Na terenie jednej z posesji na obrzeżach Opola znaleziono ciała trzyletniego chłopca i czteroletniej dziewczynki. Na miejscu była też ich ranna matka. Prokuratura informuje, że kobieta usłyszała zarzut podwójnego zabójstwa. Sąd aresztował kobietę na trzy miesiące. Grozi jej kara nawet dożywotniego pozbawienia wolności.
Jeśli doświadczasz problemów emocjonalnych i chciałabyś/chciałbyś uzyskać poradę lub wsparcie, tu znajdziesz listę organizacji oferujących profesjonalną pomoc - zarówno dzieciom, jak i dorosłym.
Sąd w Opolu na wniosek prokuratury aresztował kobietę podejrzaną o podwójne zabójstwo swoich dzieci.
Kobieta 31 sierpnia została doprowadzona gdzie usłyszała zarzut podwójnego zabójstwa. - Narzędziem zbrodni był nóż tapicerski. W zarzucie przyjęto zamiar bezpośredni - przekazał Stanisław Bar z Prokuratury Okręgowej w Opolu.
Bar poinformował też, że wstępne wyniki sekcji zwłok nie pozostawiły wątpliwości co do przyczyny ich śmierci. Dzieci miały głębokie rany cięte szyi.
Kobiecie grozi dożywocie. Biegli psychiatrzy sprawdzą, czy była poczytalna w chwili popełnienia zarzucanych jej czynów.
Jak poinformował Konrad Korzeniowski z Prokuratury Rejonowej w Opolu, 34-latka składała wyjaśnienia, ale na tym etapie śledczy nie mówią ani o motywie, ani o tym, czy się przyznała.
Prokuratura: nie żyje trzyletni chłopiec i czteroletnia dziewczynka
Pierwszą informację w tej sprawie otrzymaliśmy na Kontakt 24. Doniesienia o odnalezieniu ciał dwójki dzieci potwierdziła policja, która przekazała, że zgłoszenie trafiło we wtorek około godziny 17 do dyżurnego opolskiej komendy. Starszy sierżant Marta Białek z zespołu prasowego Komendy Wojewódzkiej Policji w Opolu przekazywała, że funkcjonariusze na miejscu zdarzenia zabezpieczali ślady oraz realizowali "inne czynności związane ze śledztwem, które prowadzone jest pod nadzorem Prokuratury Okręgowej w Opolu".

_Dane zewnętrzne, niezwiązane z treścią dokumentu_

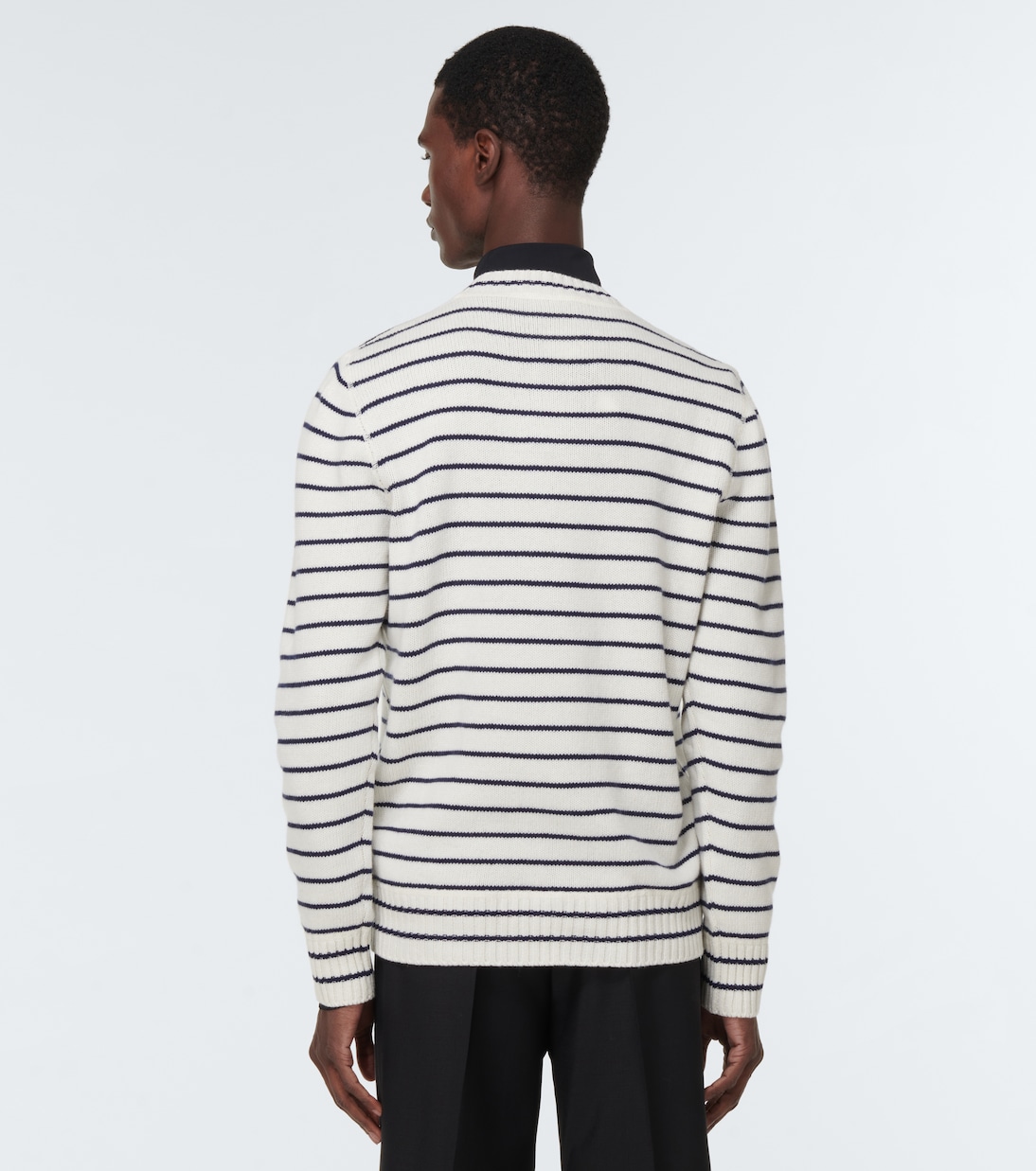 Pullover aus Wolle und Kaschmir | Prada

Rzecznik opolskiej prokuratury okręgowej informował w środę, że zmarłe dzieci - chłopiec i dziewczynka - miały trzy i cztery lata.
Ciała dzieci znaleźli ich dziadkowie. - To byli rodzice partnera kobiety - ojca dzieci. Byli z umówieni z 34-latką. Chcieli dostać się do mieszkania, ale było ono zabarykadowane - powiedział PAP Bar.
- Na miejscu była też 34-letnia matka, która miała rany cięte. Trafiła do szpitala - przekazywał wcześniej Bar. I dodawał: - Mamy do czynienia ze zbrodnią zabójstwa. Obrażenia dzieci nie pozostawiają wątpliwości, że doszło do przestępczego spowodowania ich śmierci.
34-latka ma jeszcze jedno dziecko. Dziewczynka w chwili zdarzenia była pod opieką swojego ojca, byłego męża kobiety.
MOPR: nie korzystali z naszych usług ani ze świadczeń
Małgorzata Kozak, wiceszefowa Miejskiego Ośrodka Pomocy Rodzinie w Opolu, przyznała, że pracownicy socjalni znali rodzinę, w której doszło do tragedii.
- Rodzina nie korzystała z naszych usług ani ze świadczeń. Dostała jednorazową pomoc w lutym 2022 roku z powodu zdarzenia losowego - powiedziała Kozak.
Jak poinformowała, rodzinie spaliło się mieszkanie i musiała się ona przeprowadzić do lokalu zastępczego. - Z tego lokalu rodzina się wyprowadziła w marcu tego roku - podała wicedyrektor opolskiego MOPR. I dodała, że z jej wiedzy wynika, że rodzice zmarłych dzieci nie mieszkali razem, a chłopiec i dziewczynka mieli pozostawać pod opieką matki.